Friday, June 09, 2017
The news that global giant Linklaters, the archetypal bastion of lockstep compensation and individual billing targets, is moving away from these cornerstones, is both welcome and depressing news for the profession.
It’s welcome because it signifies that even the most intransigent of traditionalists are recognizing the reality of an evolving profession. It’s depressing because its narrow focus indicates just how slowly and tediously lawyers are moving, perpetuating if not widening the gap between the profession and reality.
Let’s be clear, it’s not that individual billing targets are taking to the trash heap. Rather, Linklaters will now assess partner performance by also including factors such as business development, marketing and innovation.
This, of course, is not news to Canadian firms, where “share of the pie” has long been determined, at least nominally, by “other factors,” colloquially described as “merit.” What makes me skeptical about this, however, is whether individual targets have been displaced or de-emphasized in any meaningful way. For example, when’s the last time billing or “book of business” have not been the primary considerations in determining the feasibility of a lateral transfer? When’s the last time a lateral transfer has been hailed as providing the lawyer’s new firm with a “team player?”

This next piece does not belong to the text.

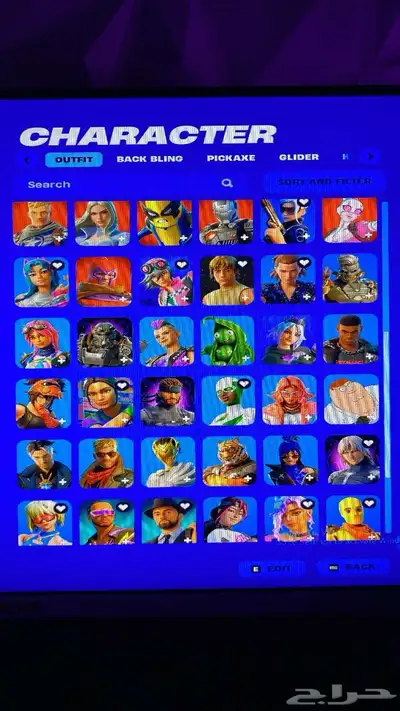 حساب فورت index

Naturally, Linklaters’ move has been client-driven. The firm cited the de-emphasis of individual targets as a bid to improve teamwork. And teamwork is what clients want, even if all it means to them is that law firms staff files with the lowest feasible hourly rated denominator and, somewhat counterintuitively, spend as little time as possible using chargeable time to talk to their colleagues.
Famously, responding to clients’ needs is now a routine prerequisite for increasing revenues. Indeed, as Legal Week put it, Linklaters’ “move is aimed at boosting revenues by fostering more entrepreneurial spirit and encouraging partners to collaborate, rather than focus on their own financial targets.”

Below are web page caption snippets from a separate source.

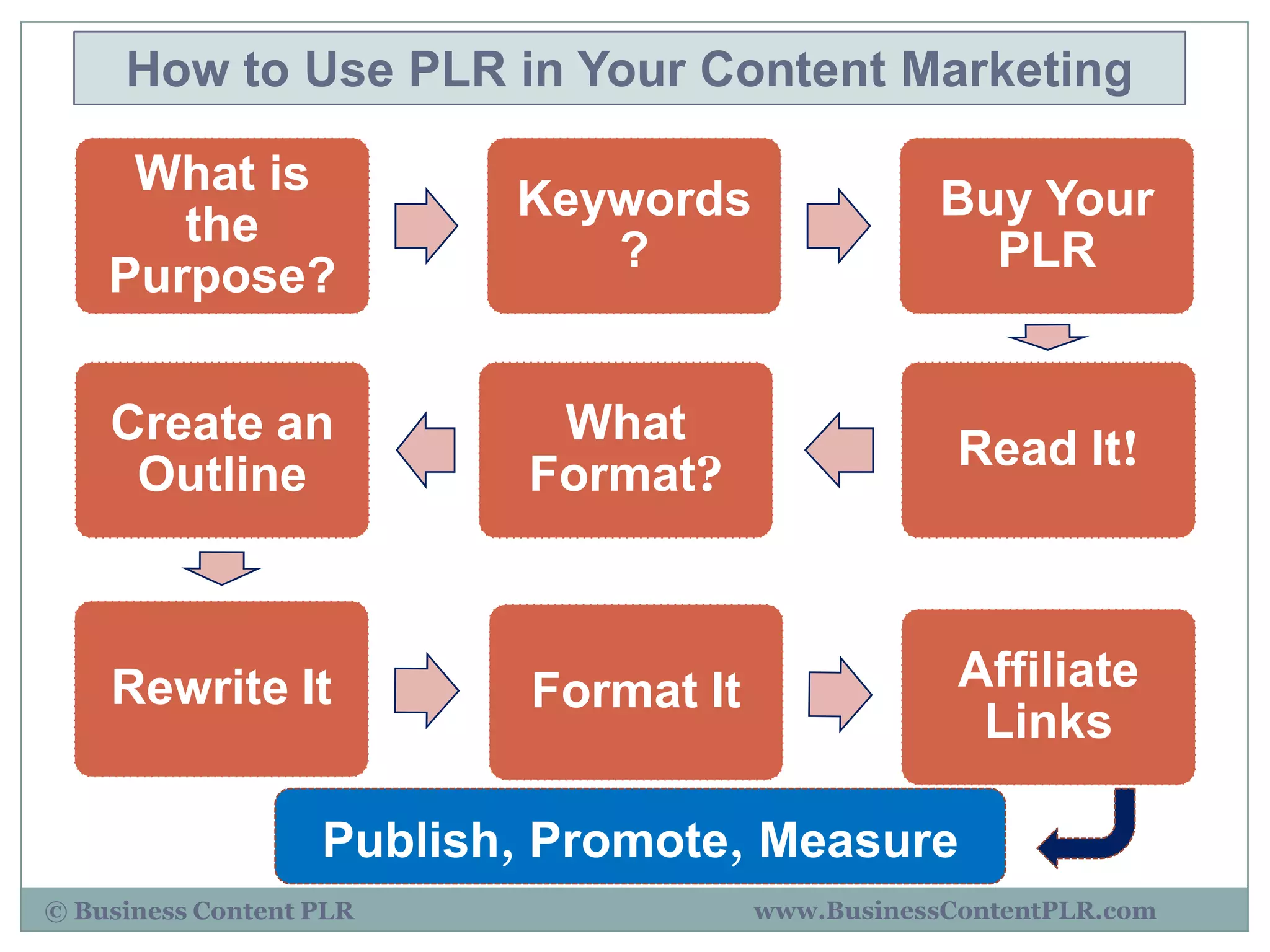How to Use PLR in Your Content Marketing

     What is
                          Keywords                 Buy Your
       the
                             ?                       PLR
    Purpose?

    Create an               What
                                                    Read It!
     Outline               Format?



    Rewrite It             Format It                Affiliate
                                                     Links

                   Publish, Promote, Measure
© Business Content PLR                 www.BusinessContentPLR.com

Unfortunately, Linklaters, like many firms, remains mired in the lockstep system. The latest “reforms” are little more than the tinkering that has taken place in the past. A 2016 partners’ vote to reform the system merely allowed exceptional partners to advance beyond the local cap.
So it’s unlikely that the most recent restructuring at Linklaters will prove more successful than the three instituted between 2002-2012. The endeavours failed so badly that the managing partner at the time, Simon Davies, initially failed to achieve the 75 per cent majority required for re-election despite being the sole candidate. The firm’s leadership team ultimately had to apologize for the way in which the restructuring was handled.

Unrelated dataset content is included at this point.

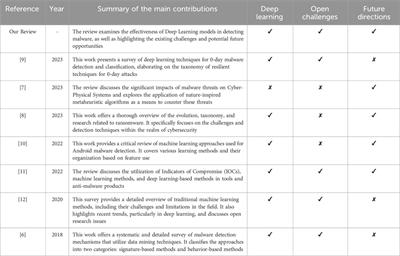 Deep learning-powered malware detection in cyberspace: a contemporary review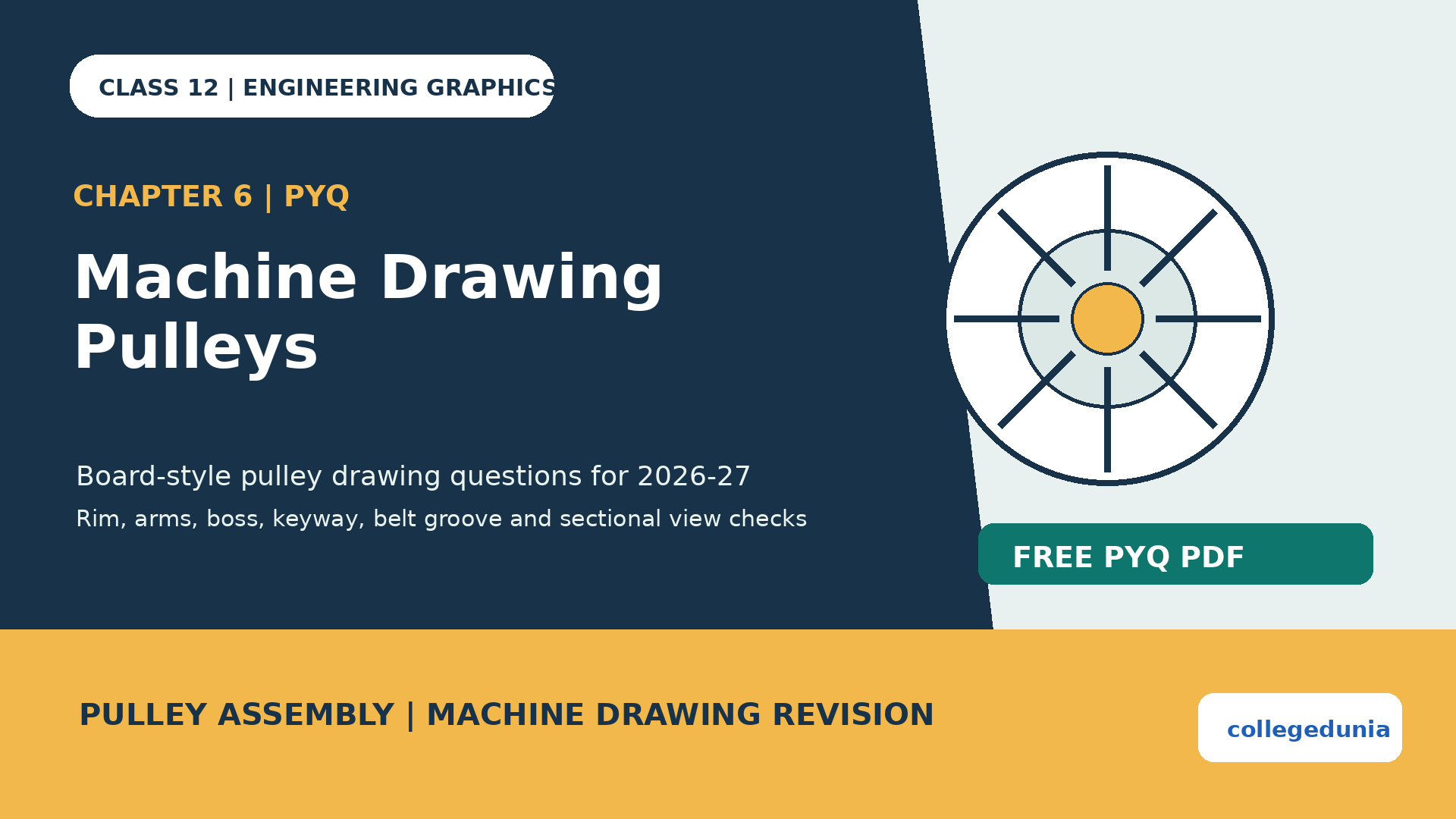 Class 12 Engineering Graphics Machine Drawing Pulleys PYQ PDF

But Linklaters seems to have learned little from the experience. There’s little in the new proposal to suggest that billing targets, which still remain rooted in billable hours, will lose their influence.
Perhaps management takes solace from the fact that the firm is not alone. Other British firms’ repeated attempts to re-order lockstep has had mixed success at best, perhaps because they too refuse to recognize the connection between the continuing role of the still-ubiquitous hourly billing system and the focus on individual billings.
As recently as early May, Clifford Chance introduced reforms to its lockstep system aimed at attracting and retaining the best performers. And what did the firm perceive as a best way to do that: make changes that allow the biggest billers to earn more.
There’s more hope in the changes that are occurring in the performance review arena. Linklaters, Allen & Overy and Hogan Lovells have all announced that they’re transitioning from annual reviews to ongoing feedback. Baker & McKenzie did so at the end of its last financial year. Berwin Leighton Paisner is reviewing its process with a view to a greater emphasis on career development through more regular feedback.
That’s great: but it’s hardly quantum change. It’s hard to imagine that the feedback from big billers as to the importance of billings and docketed hours will change; and it’s hard to imagine that those who perceive their value in other forms of contribution will not continue to hype their achievements.
What I don’t get is this: in their efforts to adapt to clients’ focus shift from hourly rates to value, don’t law firms realize that their internal notions of value also need to change?
Certainly, Canadian firms are, again in theory, far removed from lockstep and more focused on “merit.” Until internal notions of “merit” mirror clients’ perception of “value,” however, merit will continue to be nothing more than more or less modified lockstep.